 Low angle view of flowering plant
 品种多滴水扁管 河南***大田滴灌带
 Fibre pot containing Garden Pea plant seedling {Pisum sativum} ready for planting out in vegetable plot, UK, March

━━━━━━━━━━━━━━━━━━━━

- _Task directions_: The data should be written out again in full, exactly as it stands.

- _Output below_:
 Low angle view of flowering plant
 品种多滴水扁管 河南***大田滴灌带
 Fibre pot containing Garden Pea plant seedling {Pisum sativum} ready for planting out in vegetable plot, UK, March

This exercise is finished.